Task objective
Give back exactly the lines from the start of the entries below to the line holding "Young Male Photographer", that line included, and leave every picture out.

################

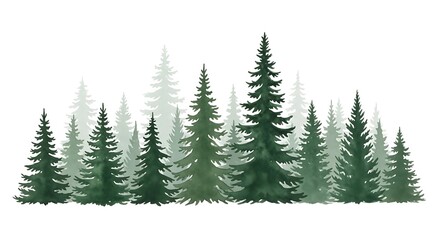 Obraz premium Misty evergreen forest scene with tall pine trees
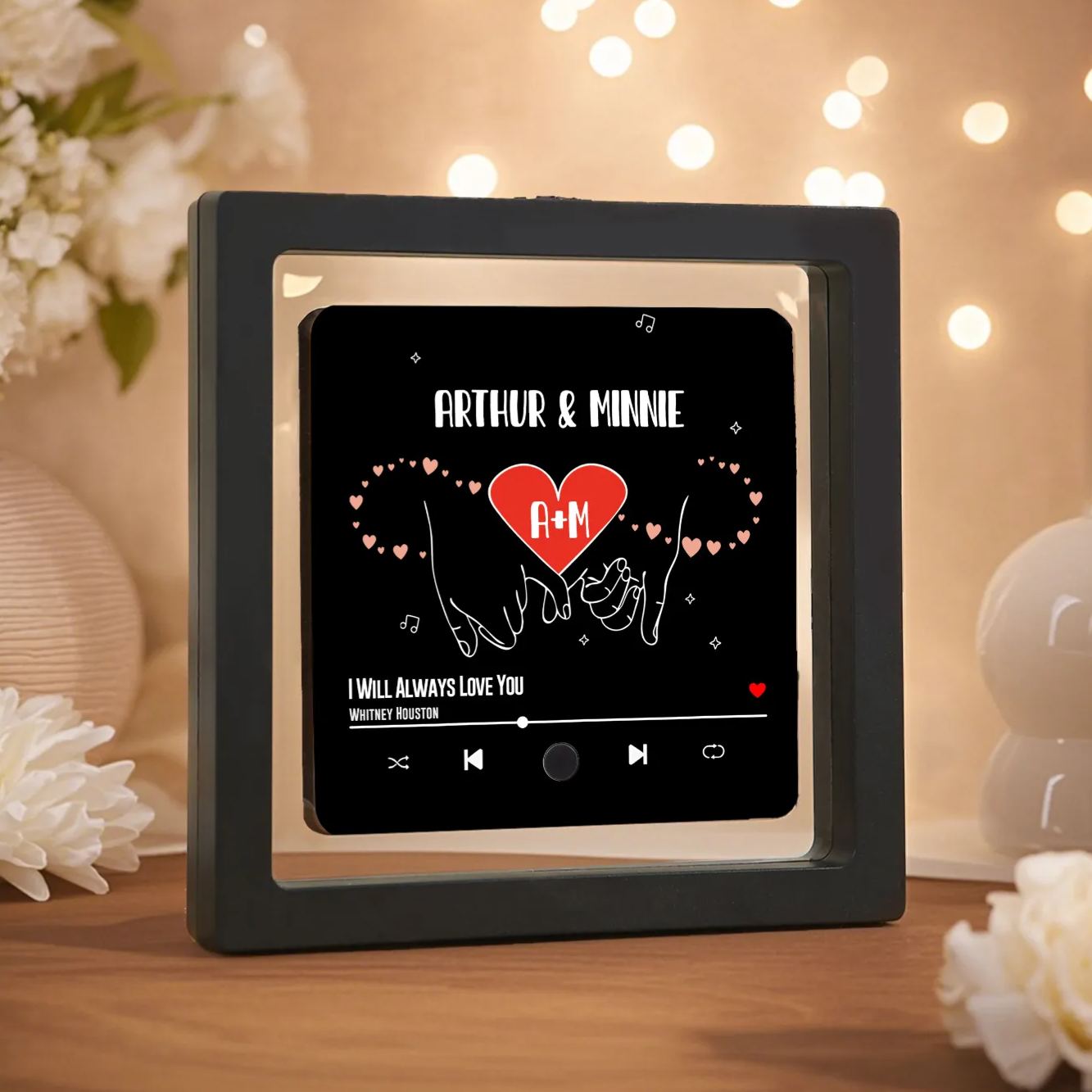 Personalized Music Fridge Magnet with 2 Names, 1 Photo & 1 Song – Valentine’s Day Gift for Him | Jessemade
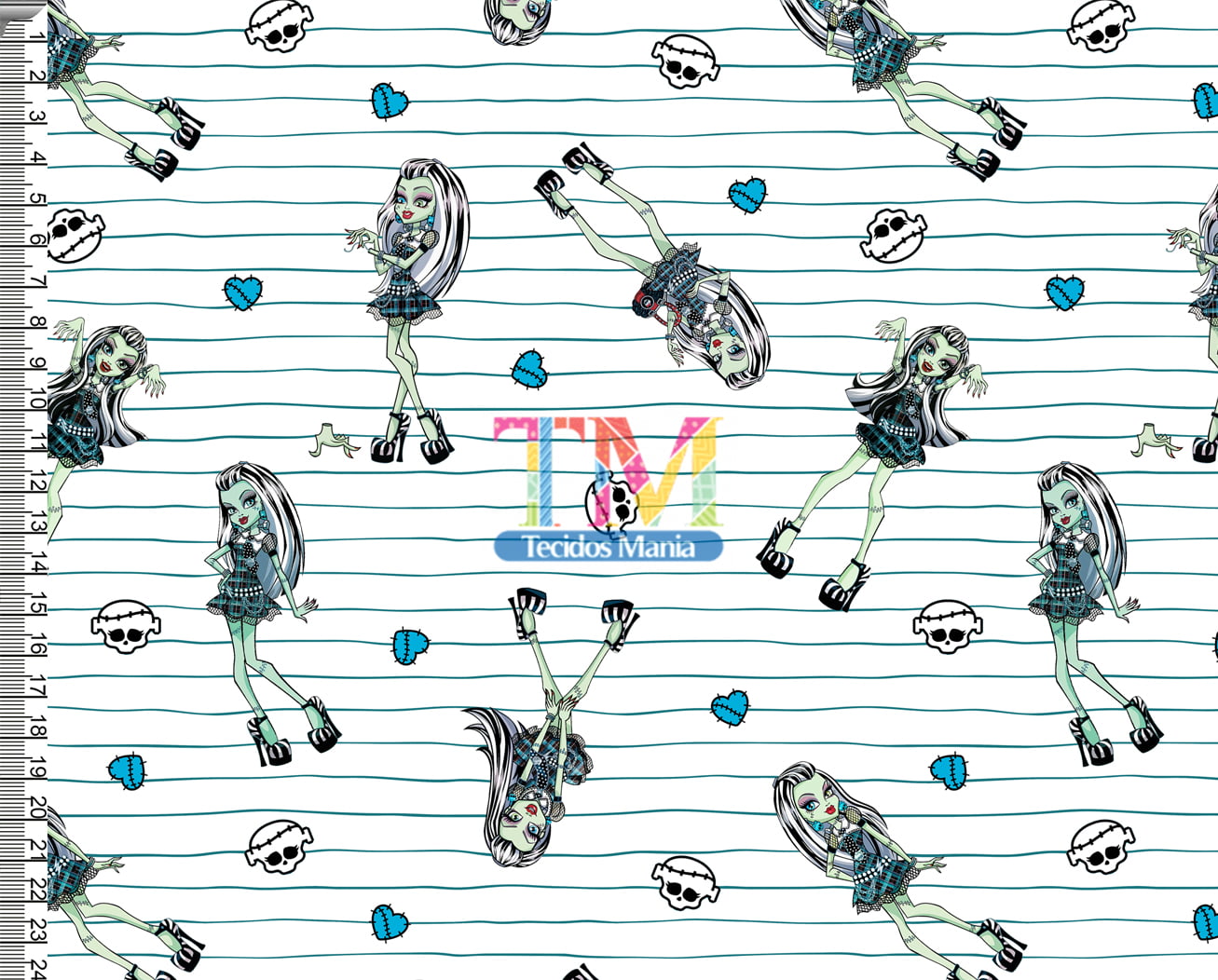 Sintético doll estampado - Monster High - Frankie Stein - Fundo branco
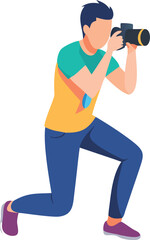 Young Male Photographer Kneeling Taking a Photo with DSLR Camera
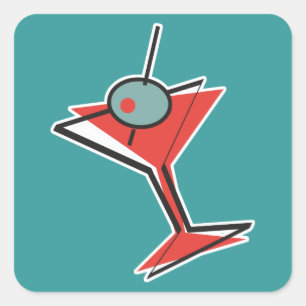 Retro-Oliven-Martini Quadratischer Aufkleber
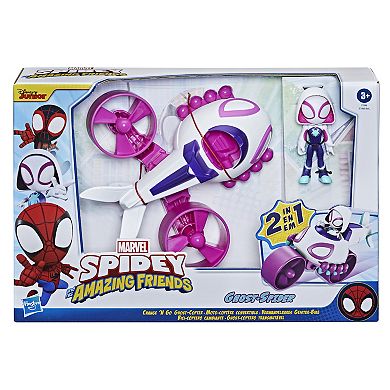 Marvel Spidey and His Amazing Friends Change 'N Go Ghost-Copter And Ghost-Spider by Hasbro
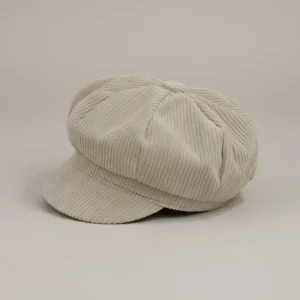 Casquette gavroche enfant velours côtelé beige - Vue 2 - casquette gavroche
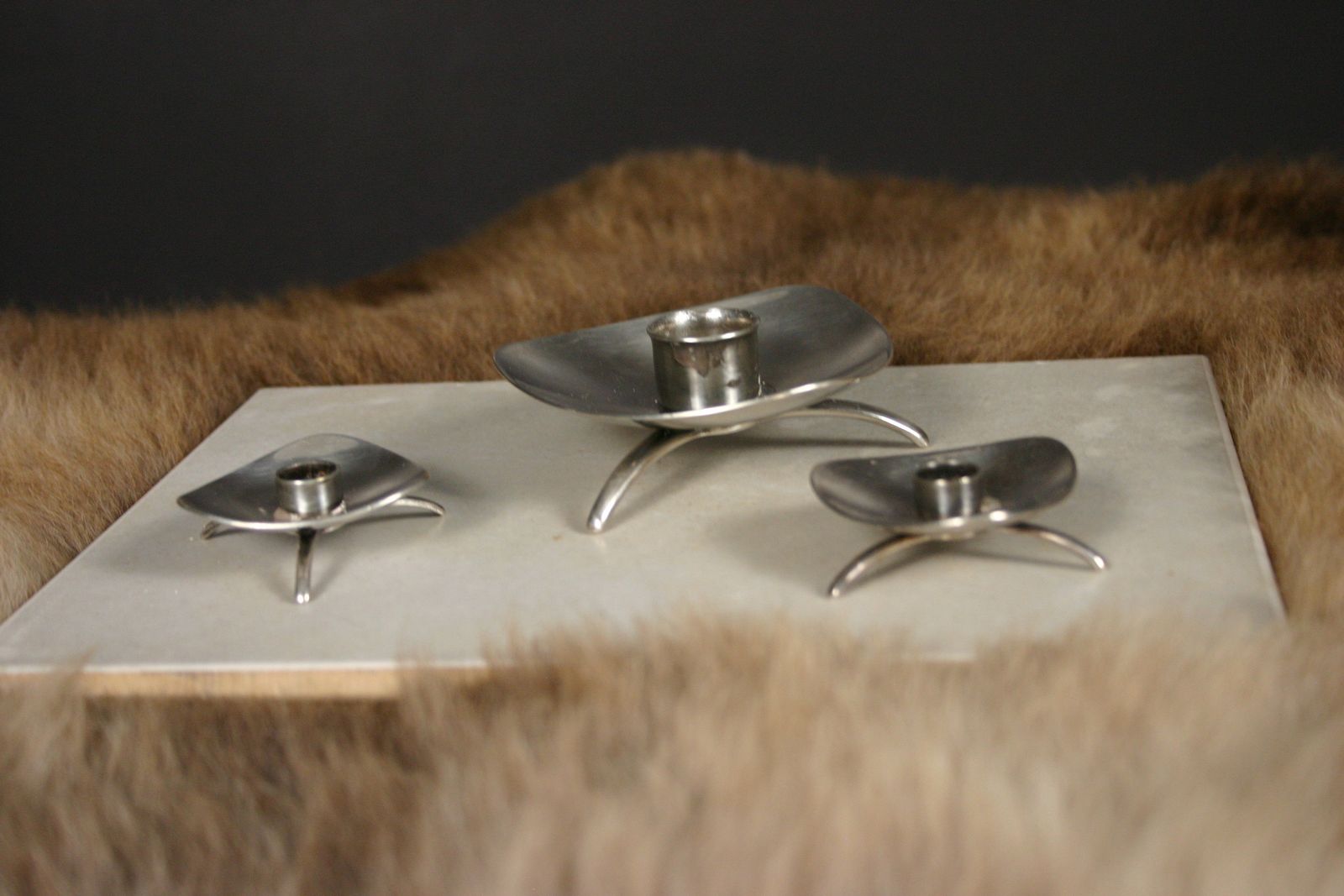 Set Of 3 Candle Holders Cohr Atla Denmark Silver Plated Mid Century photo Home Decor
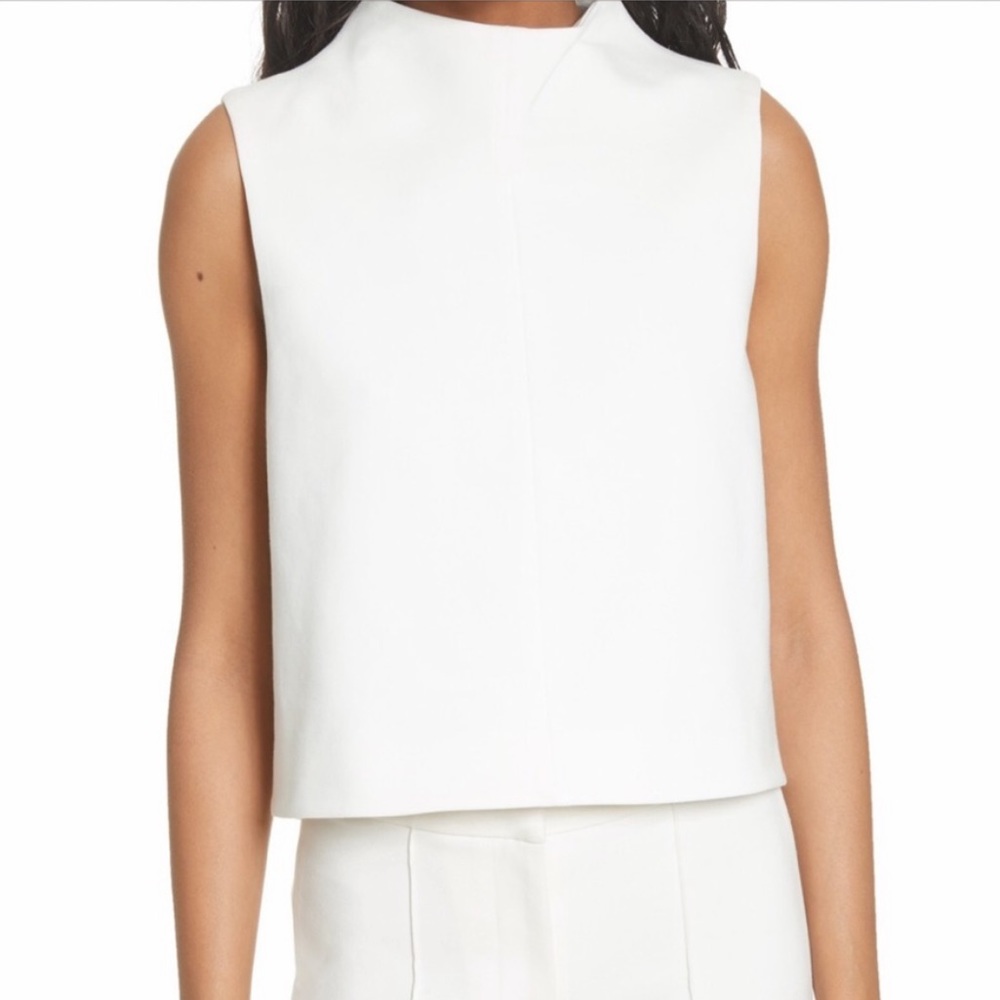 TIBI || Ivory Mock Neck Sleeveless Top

################

Answer section
 Obraz premium Misty evergreen forest scene with tall pine trees
 Personalized Music Fridge Magnet with 2 Names, 1 Photo & 1 Song – Valentine’s Day Gift for Him | Jessemade
 Sintético doll estampado - Monster High - Frankie Stein - Fundo branco
 Young Male Photographer Kneeling Taking a Photo with DSLR Camera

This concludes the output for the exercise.